Is this the right time?
Do I have enough information?
If the request fails the test--if the answer to any one of these questions is no--then don't do it. Pass it to someone else (the right person), schedule it for another time (the right time), or wait until you have the information you need (either you or someone else needs to get it).
Don't wait too long to bring something up. People can only respect boundaries they know are there. The first time someone does something that makes me feel uncomfortable, I simply notice it. The second time, I acknowledge that the first time was not an isolated event or an accident but a potential pattern, and I begin to observe more closely and plan my response. The third time? The third time I always speak to the person about it. It's my rule of three.
When you shorten transition time, you create a boundary that helps you and others adjust to a new reality. If there's something you need to do that you find difficult--writing a proposal, having an unpleasant conversation with someone, or doing any work you consider unpleasant--try doing it first thing in the morning so you minimize the time you have to think about it.
When you take vacation--or any other time you want to be undisturbed--schedule a specific time to take care of the things that would otherwise creep into each and every available moment.
We don't actually multitask. We switch-task. And it's inefficient, unproductive, and sometimes even dangerous. Resist the temptation. How do we resist the temptation to multitask? First, the obvious: The best way to avoid interruptions is to turn them off. Second, the less obvious: Use your loss of patience to your advantage. Create unrealistically short deadlines. Cut all meetings in half. Give yourself one-third the time you think you need to accomplish something. Because there's nothing like a deadline to keep things moving. And when things are moving fast, we can't help but focus on them.
Don't settle for imperfect. Shoot for it.
The world doesn't reward perfection. It rewards productivity. And productivity can be achieved only through imperfection. Make a decision. Follow through. Learn from the outcome. Repeat over and over and over again. It's the scientific method of trial and error. Only by wading through the imperfect can we begin to achieve glimpses of the perfect. So, how do we escape perfectionism? I have three ideas:
Don't try to get it right in one big step. Just get it going. Don't write a book, write a page. Don't create the entire presentation, just create a slide. Don't expect to be a great manager in your first six months, just try to set clear expectations. Pick a small, manageable goal and follow through. Then pursue the next. These smaller steps give you the opportunity to succeed more often, which will build your confidence. If each of your goals can be achieved in a day or less, that's a lot of opportunity to succeed.
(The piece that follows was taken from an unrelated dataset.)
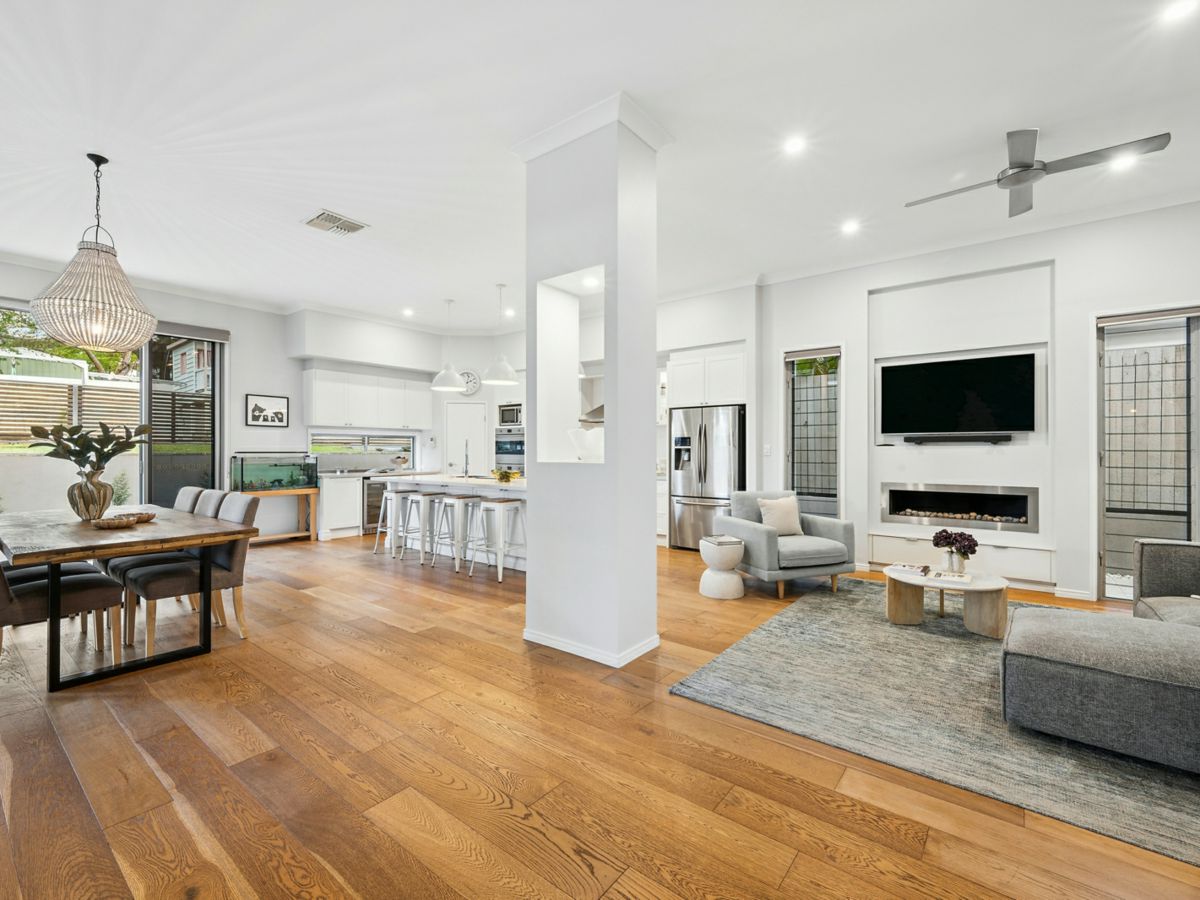 52 Goodenia Crescent, Seventeen Mile Rocks - image 3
Do what feels right to you, not to others. By all means, read, listen, and learn from others. But then put all the advice away, and shoot for what I consider to be the new gold standard: good-enough. Be the good-enough parent. The good-enough employee. The good-enough writer. That'll keep you going. Because ultimately, the key to perfection isn't getting it right. It's getting it often. If you do that, eventually, you'll get it right.
Choose your friends, co-workers, and bosses wisely. Critical feedback is helpful as long as it's offered with care and support. But the feedback that comes from jealousy or insecurity or arrogance or without any real knowledge of you? Ignore it.
Before you do or say anything, ask yourself three questions:
What's the situation? (The outcome you want to achieve? The risks? The time pressures? The needs?)
Who else is involved? (What are their strengths? Weaknesses? Values? Vulnerabilities? Needs?)
How can I help? (What are your strengths? Weaknesses? Values? Vulnerabilities?)
Then, and only then, decide what you will do or say. Choose the response that leverages your strengths, uses your weaknesses, reflects your differences, expresses your passion, and meets people where they are and is appropriate to the situation you're in.
If you're going to work on a weakness, always choose a single, high-leverage one.